Municipales à Albi : à peine 38.82 % de participation dans la préfecture du Tarn

A Albi, les bureaux de vote installés à la mairie n'auront jamais été aussi vides. / © Miryam Brisse - FTV
A Albi, les bureaux de vote installés à la mairie n'auront jamais été aussi vides. / © Miryam Brisse - FTV

Le taux de participation à Albi pour ce premier tour d'élections municipales est en très forte baisse. Il atteint ce soir à peine 38.82 %.

Par Sylvain Duchampt

La tendance dans le département était déjà à la baisse mais les chiffres définitifs de la participation à Albi sonnent comme un véritable coup de tonnerre : 38.82 % ce soir contre 62.89 % en 2014 !

Les électeurs albigeois ont décidé de ne pas se déplacer durant l'épidémie de coronavirus. 

Ce midi, le taux de participation dans le Tarn atteignait 22,41 %, soit un chiffre identique à celui de 2014.

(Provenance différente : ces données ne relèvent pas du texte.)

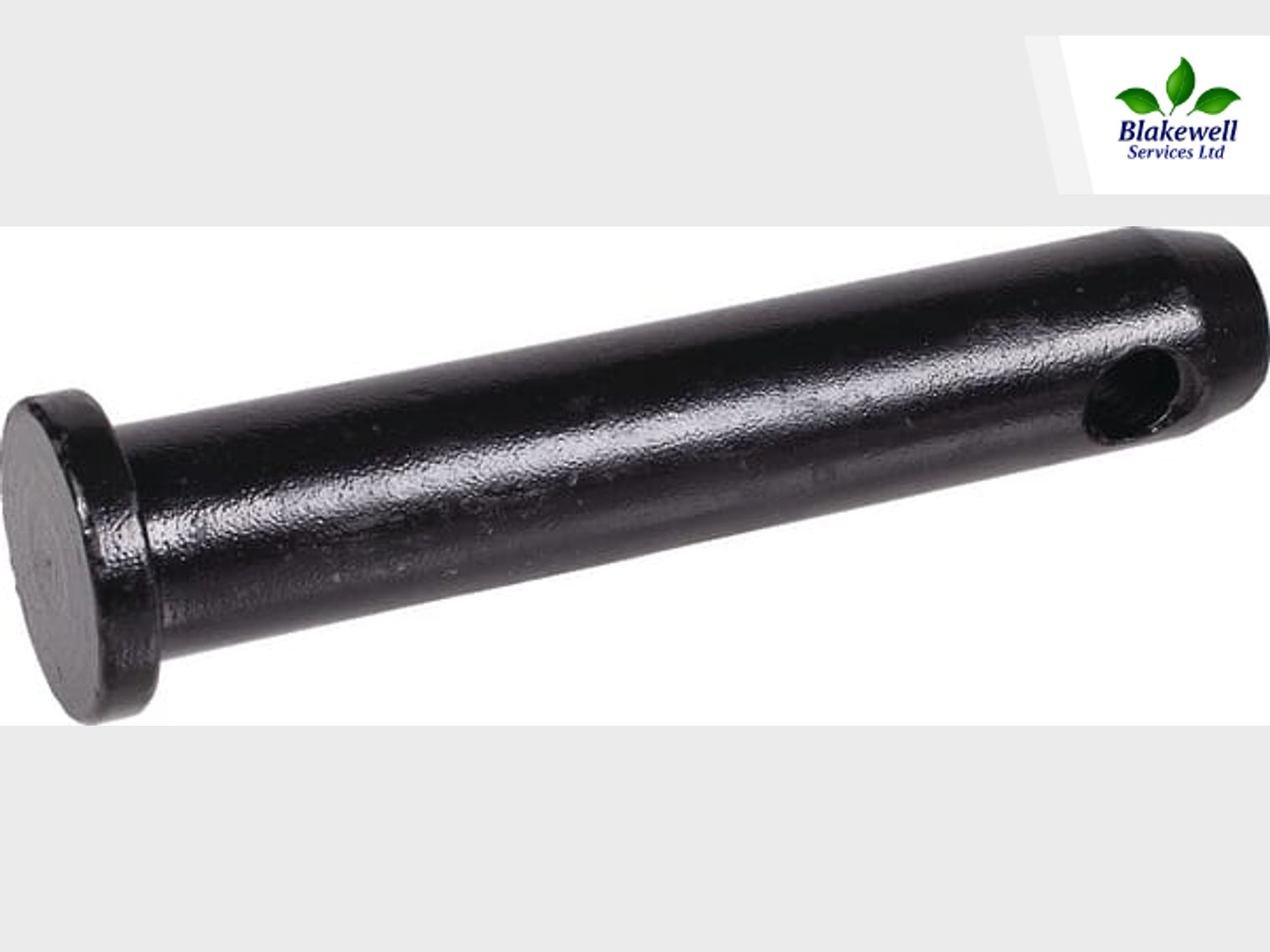 Z319075HKR~1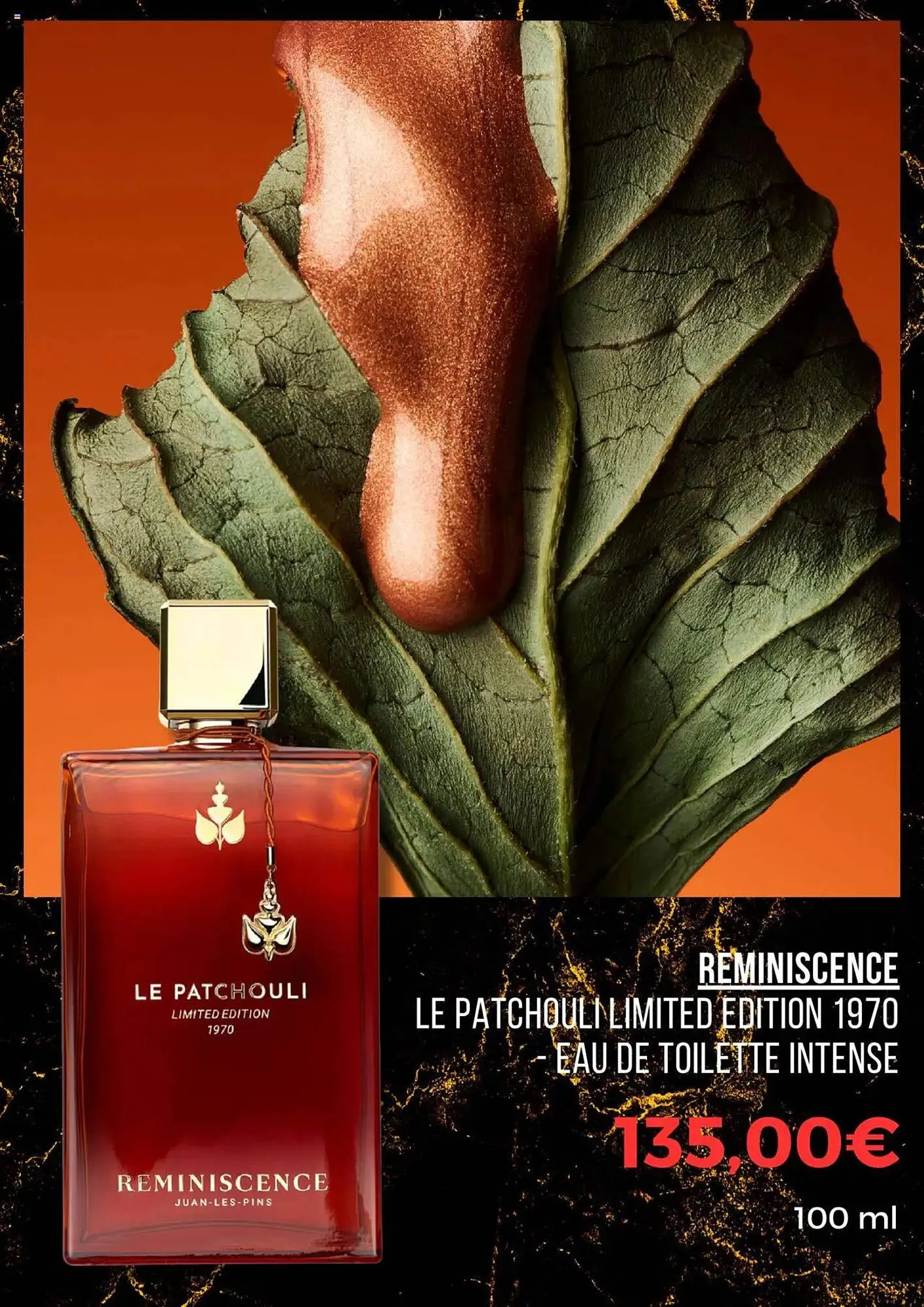 Catalogue Sephora du 1 octobre au 31 octobre 2025 - Catalogue page 8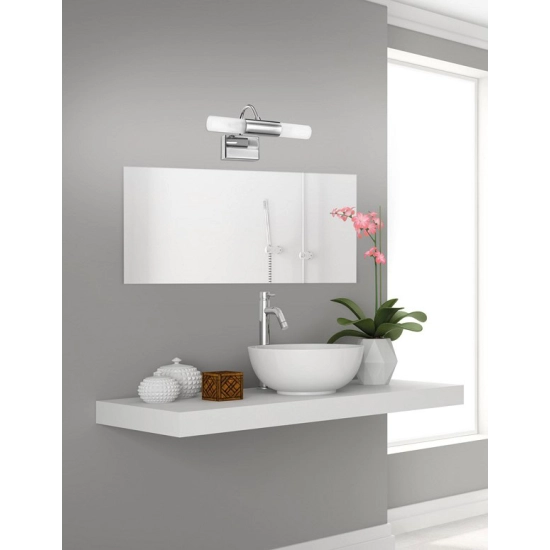Kinkiet LIMACHE LE42431 Luces Exclusivas - zdjęcie dodatkowe 1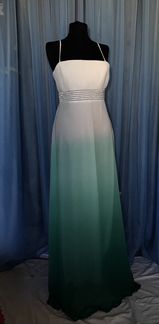 Платье свадебное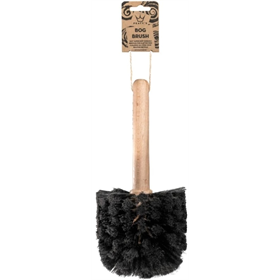 Szczotka PEATY'S Bog Brush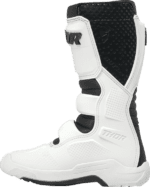 Acerbis X-MOVE 2.0 [CLONE] [CLONE] [CLONE] [CLONE] [CLONE] [CLONE] [CLONE] [CLONE] [CLONE] [CLONE] [CLONE] [CLONE] [CLONE] [CLONE] [CLONE]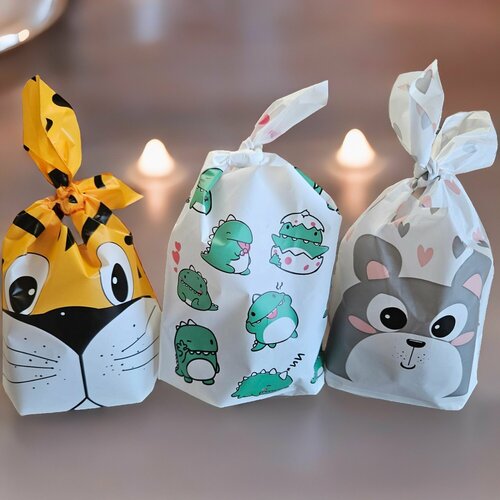 ���� ���������� ������ � ������-��������� 36 �� ���� , �������� � ������� ���, �����, ���������� �������� ������ ������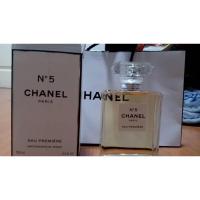 ราคา CHANEL NO.5 EAU DE PARFUM SPRAY 100 ML (17600435053)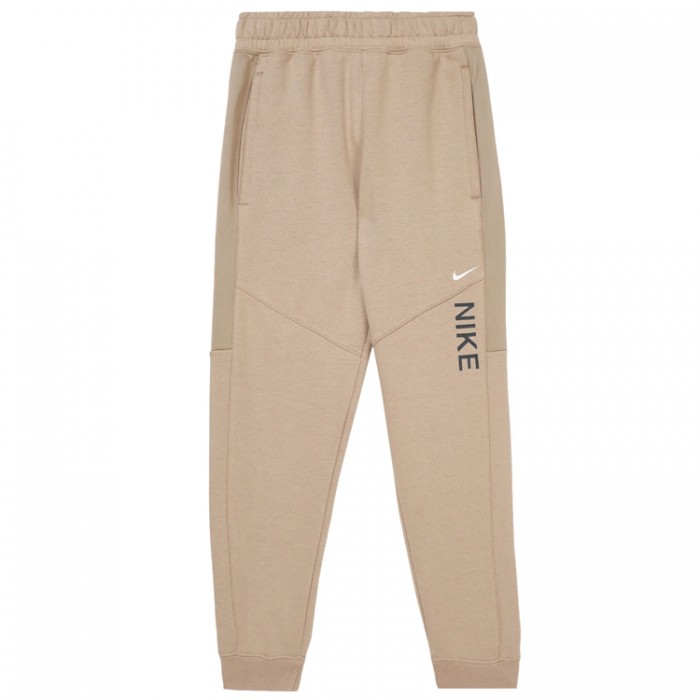 Брюки Nike DX6315-247 DX6315-247 Брюки Nike DX6315-247 DX6315-247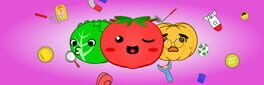 Hot Pot Game artwork 1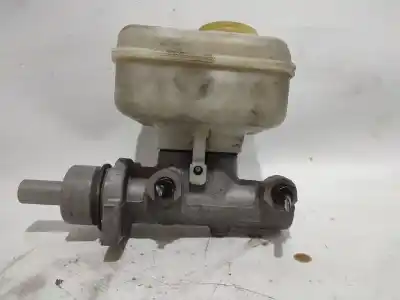 Peça sobressalente para automóvel em segunda mão bomba de travões por seat leon (1m1) signo referências oem iam 21027099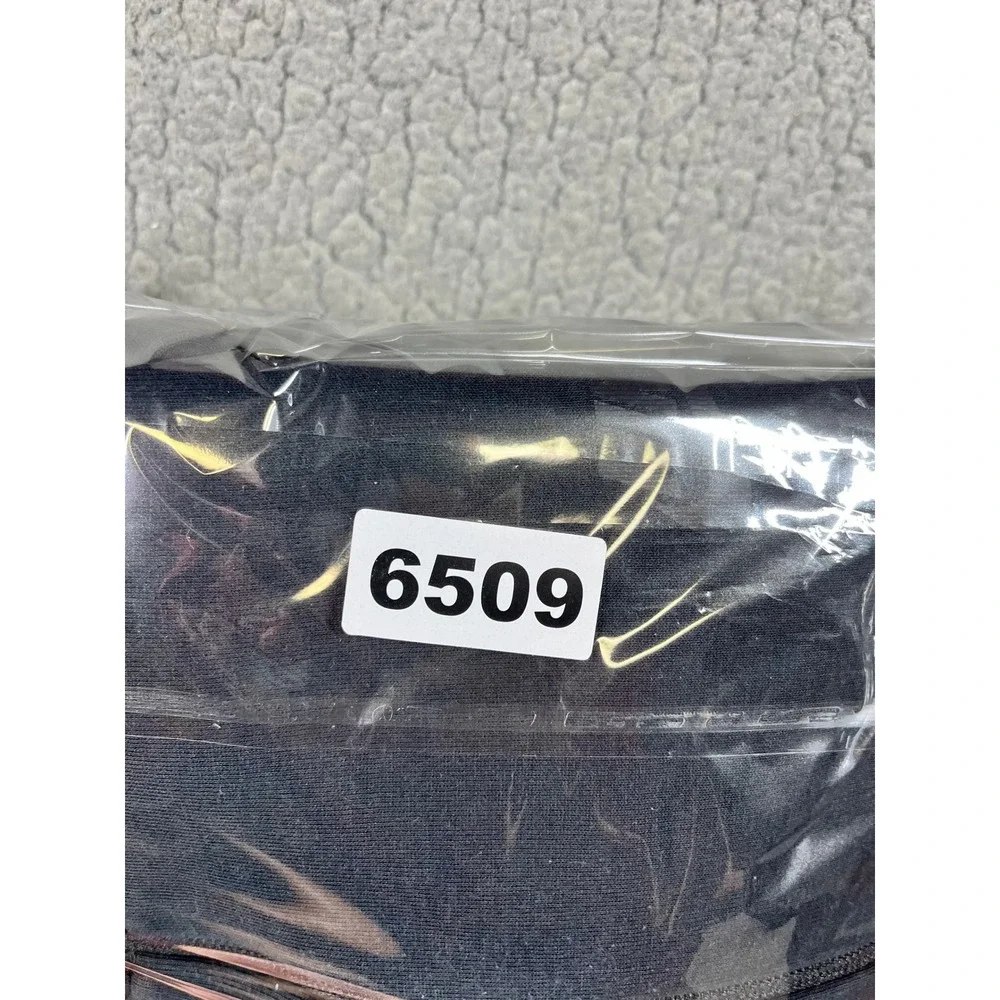 Nike tech fleece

Mais à 17 heures, le nombre d'électeurs ayant voté a vertigineusement chuté à 42.82 %. Six ans plus tôt à la même heure, il était de 62.54 % . La peur du coronavirus semble avoir fortement influencé les tarnais dans leur choix de ne pas se déplacer pour ce scrutin.

Sélectionnez le département du Tarn dans l'onglet (à droite de "show results for") de l'infographie ci-dessous afin de comparer le taux de participation lors des trois dernières élections municipales :


En 2014, le Tarn est, avec la Haute-Garonne, l'un des départements de l'ancienne région Midi-Pyrénées, où le taux de participation est le plus faible, soit 70,7%. Des chiffres néanmoins assez élevés en comparaison de ceux de sa préfecture. Lors des élections municipales de 2014, le taux de participation du 1er tour à Albi se situe à 62,89 %.

Pour ce scrutin, Albi "la rouge" présente une particularité : 3 têtes de listes sur 5 sont des femmes.

Il y a tout d'abord, la maire sortante, Stéphanie Guiraud Chaumeil (DVC – ex DVD). A 48 ans, elle se représente pour un deuxième mandat mais cette fois-ci sans avoir obtenu le soutien de La République en Marche et sans avoir été "adoubée" par son prédécesseur Philippe Bonnecarrère. 

Le sénateur du Tarn (UDI-LREM) a constitué une liste concurrente avec à sa tête Muriel Roques-Etienne (LREM). Elue au conseil municipal en 2014 sur la liste de Stéphanie Guiraud Chaumeil, elle a claqué la porte de la majorité municipale. Suppléante du député Philippe Folliot (LREM),  Elle se présente désormais sous la bannière LREM. 

Parti socialiste, Parti communiste, La France Insoumise, Générations.s. Nathalie Ferrand-Lefranc prend la tête d'une liste de gauche unie, ou presque. Le vert Pascal Pragnères (EELV) a finalement décidé de partir seul comptant, notamment, sur la dynamique écologiste.

Après avoir obtenu un score de 13,04% au premier tour de l'élection municipale de 2014, Frédéric Cabrolier du Rassemblement National va tenter d'améliorer son score lors de ce scrutin.